**What you should do:**
Write out every record in full, keeping each character exactly as it is.

**Supplied records:**
• • • • • • •

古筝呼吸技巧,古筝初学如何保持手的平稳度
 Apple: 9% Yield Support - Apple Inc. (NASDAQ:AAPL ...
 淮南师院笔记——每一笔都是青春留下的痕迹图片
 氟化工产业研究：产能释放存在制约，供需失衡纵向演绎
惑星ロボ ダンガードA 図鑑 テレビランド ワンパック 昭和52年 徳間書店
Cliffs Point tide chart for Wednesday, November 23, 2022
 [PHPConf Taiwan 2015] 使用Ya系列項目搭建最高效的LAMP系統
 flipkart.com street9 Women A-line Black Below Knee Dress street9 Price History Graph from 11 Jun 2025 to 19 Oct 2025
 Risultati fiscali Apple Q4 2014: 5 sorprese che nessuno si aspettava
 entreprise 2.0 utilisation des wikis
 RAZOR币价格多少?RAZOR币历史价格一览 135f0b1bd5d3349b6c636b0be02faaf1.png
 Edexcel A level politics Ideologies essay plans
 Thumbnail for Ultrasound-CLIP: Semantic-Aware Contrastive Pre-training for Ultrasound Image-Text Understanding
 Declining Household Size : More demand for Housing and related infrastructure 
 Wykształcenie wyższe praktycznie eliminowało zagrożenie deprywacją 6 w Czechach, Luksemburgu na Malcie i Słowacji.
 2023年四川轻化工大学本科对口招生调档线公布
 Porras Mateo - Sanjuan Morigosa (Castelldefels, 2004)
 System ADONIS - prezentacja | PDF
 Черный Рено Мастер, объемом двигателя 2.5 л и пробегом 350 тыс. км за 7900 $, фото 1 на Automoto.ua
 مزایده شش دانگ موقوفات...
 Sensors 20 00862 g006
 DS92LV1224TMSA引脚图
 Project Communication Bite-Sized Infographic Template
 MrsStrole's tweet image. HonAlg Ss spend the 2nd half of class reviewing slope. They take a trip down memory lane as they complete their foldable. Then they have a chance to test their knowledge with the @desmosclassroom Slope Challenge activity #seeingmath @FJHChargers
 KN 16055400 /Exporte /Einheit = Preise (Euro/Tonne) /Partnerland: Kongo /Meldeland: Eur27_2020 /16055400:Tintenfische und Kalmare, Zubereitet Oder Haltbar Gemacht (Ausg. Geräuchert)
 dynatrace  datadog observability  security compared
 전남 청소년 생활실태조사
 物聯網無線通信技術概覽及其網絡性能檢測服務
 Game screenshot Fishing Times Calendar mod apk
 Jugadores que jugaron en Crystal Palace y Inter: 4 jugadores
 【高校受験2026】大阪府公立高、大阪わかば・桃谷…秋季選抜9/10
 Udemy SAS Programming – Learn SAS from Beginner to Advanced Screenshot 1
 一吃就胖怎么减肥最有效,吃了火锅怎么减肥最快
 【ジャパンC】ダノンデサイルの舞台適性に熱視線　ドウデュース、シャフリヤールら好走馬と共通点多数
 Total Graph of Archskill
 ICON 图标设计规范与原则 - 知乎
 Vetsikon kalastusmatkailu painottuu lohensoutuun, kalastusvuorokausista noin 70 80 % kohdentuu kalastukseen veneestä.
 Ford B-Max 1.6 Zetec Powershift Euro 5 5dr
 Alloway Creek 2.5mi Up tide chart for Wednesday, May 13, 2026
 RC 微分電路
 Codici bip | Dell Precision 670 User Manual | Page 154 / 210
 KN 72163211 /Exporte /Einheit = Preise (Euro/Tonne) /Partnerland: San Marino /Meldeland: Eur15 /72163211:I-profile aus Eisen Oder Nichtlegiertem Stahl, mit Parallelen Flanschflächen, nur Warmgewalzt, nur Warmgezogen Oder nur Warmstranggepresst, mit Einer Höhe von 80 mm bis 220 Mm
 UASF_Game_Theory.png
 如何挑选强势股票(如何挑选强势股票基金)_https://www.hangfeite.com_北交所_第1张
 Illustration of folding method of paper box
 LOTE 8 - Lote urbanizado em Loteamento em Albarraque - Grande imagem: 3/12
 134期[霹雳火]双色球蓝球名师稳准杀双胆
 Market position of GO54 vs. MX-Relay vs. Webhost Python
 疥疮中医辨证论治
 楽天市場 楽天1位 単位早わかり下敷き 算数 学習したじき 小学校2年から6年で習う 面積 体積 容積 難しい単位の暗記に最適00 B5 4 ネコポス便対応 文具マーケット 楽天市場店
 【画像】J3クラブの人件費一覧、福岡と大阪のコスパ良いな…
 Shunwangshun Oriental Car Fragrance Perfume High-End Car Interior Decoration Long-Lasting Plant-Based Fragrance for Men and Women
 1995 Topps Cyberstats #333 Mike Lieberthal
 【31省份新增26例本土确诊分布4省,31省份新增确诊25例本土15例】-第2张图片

• • • • • • •

**Exercise solution:**
古筝呼吸技巧,古筝初学如何保持手的平稳度
 Apple: 9% Yield Support - Apple Inc. (NASDAQ:AAPL ...
 淮南师院笔记——每一笔都是青春留下的痕迹图片
 氟化工产业研究：产能释放存在制约，供需失衡纵向演绎
惑星ロボ ダンガードA 図鑑 テレビランド ワンパック 昭和52年 徳間書店
Cliffs Point tide chart for Wednesday, November 23, 2022
 [PHPConf Taiwan 2015] 使用Ya系列項目搭建最高效的LAMP系統
 flipkart.com street9 Women A-line Black Below Knee Dress street9 Price History Graph from 11 Jun 2025 to 19 Oct 2025
 Risultati fiscali Apple Q4 2014: 5 sorprese che nessuno si aspettava
 entreprise 2.0 utilisation des wikis
 RAZOR币价格多少?RAZOR币历史价格一览 135f0b1bd5d3349b6c636b0be02faaf1.png
 Edexcel A level politics Ideologies essay plans
 Thumbnail for Ultrasound-CLIP: Semantic-Aware Contrastive Pre-training for Ultrasound Image-Text Understanding
 Declining Household Size : More demand for Housing and related infrastructure 
 Wykształcenie wyższe praktycznie eliminowało zagrożenie deprywacją 6 w Czechach, Luksemburgu na Malcie i Słowacji.
 2023年四川轻化工大学本科对口招生调档线公布
 Porras Mateo - Sanjuan Morigosa (Castelldefels, 2004)
 System ADONIS - prezentacja | PDF
 Черный Рено Мастер, объемом двигателя 2.5 л и пробегом 350 тыс. км за 7900 $, фото 1 на Automoto.ua
 مزایده شش دانگ موقوفات...
 Sensors 20 00862 g006
 DS92LV1224TMSA引脚图
 Project Communication Bite-Sized Infographic Template
 MrsStrole's tweet image. HonAlg Ss spend the 2nd half of class reviewing slope. They take a trip down memory lane as they complete their foldable. Then they have a chance to test their knowledge with the @desmosclassroom Slope Challenge activity #seeingmath @FJHChargers
 KN 16055400 /Exporte /Einheit = Preise (Euro/Tonne) /Partnerland: Kongo /Meldeland: Eur27_2020 /16055400:Tintenfische und Kalmare, Zubereitet Oder Haltbar Gemacht (Ausg. Geräuchert)
 dynatrace  datadog observability  security compared
 전남 청소년 생활실태조사
 物聯網無線通信技術概覽及其網絡性能檢測服務
 Game screenshot Fishing Times Calendar mod apk
 Jugadores que jugaron en Crystal Palace y Inter: 4 jugadores
 【高校受験2026】大阪府公立高、大阪わかば・桃谷…秋季選抜9/10
 Udemy SAS Programming – Learn SAS from Beginner to Advanced Screenshot 1
 一吃就胖怎么减肥最有效,吃了火锅怎么减肥最快
 【ジャパンC】ダノンデサイルの舞台適性に熱視線　ドウデュース、シャフリヤールら好走馬と共通点多数
 Total Graph of Archskill
 ICON 图标设计规范与原则 - 知乎
 Vetsikon kalastusmatkailu painottuu lohensoutuun, kalastusvuorokausista noin 70 80 % kohdentuu kalastukseen veneestä.
 Ford B-Max 1.6 Zetec Powershift Euro 5 5dr
 Alloway Creek 2.5mi Up tide chart for Wednesday, May 13, 2026
 RC 微分電路
 Codici bip | Dell Precision 670 User Manual | Page 154 / 210
 KN 72163211 /Exporte /Einheit = Preise (Euro/Tonne) /Partnerland: San Marino /Meldeland: Eur15 /72163211:I-profile aus Eisen Oder Nichtlegiertem Stahl, mit Parallelen Flanschflächen, nur Warmgewalzt, nur Warmgezogen Oder nur Warmstranggepresst, mit Einer Höhe von 80 mm bis 220 Mm
 UASF_Game_Theory.png
 如何挑选强势股票(如何挑选强势股票基金)_https://www.hangfeite.com_北交所_第1张
 Illustration of folding method of paper box
 LOTE 8 - Lote urbanizado em Loteamento em Albarraque - Grande imagem: 3/12
 134期[霹雳火]双色球蓝球名师稳准杀双胆
 Market position of GO54 vs. MX-Relay vs. Webhost Python
 疥疮中医辨证论治
 楽天市場 楽天1位 単位早わかり下敷き 算数 学習したじき 小学校2年から6年で習う 面積 体積 容積 難しい単位の暗記に最適00 B5 4 ネコポス便対応 文具マーケット 楽天市場店
 【画像】J3クラブの人件費一覧、福岡と大阪のコスパ良いな…
 Shunwangshun Oriental Car Fragrance Perfume High-End Car Interior Decoration Long-Lasting Plant-Based Fragrance for Men and Women
 1995 Topps Cyberstats #333 Mike Lieberthal
 【31省份新增26例本土确诊分布4省,31省份新增确诊25例本土15例】-第2张图片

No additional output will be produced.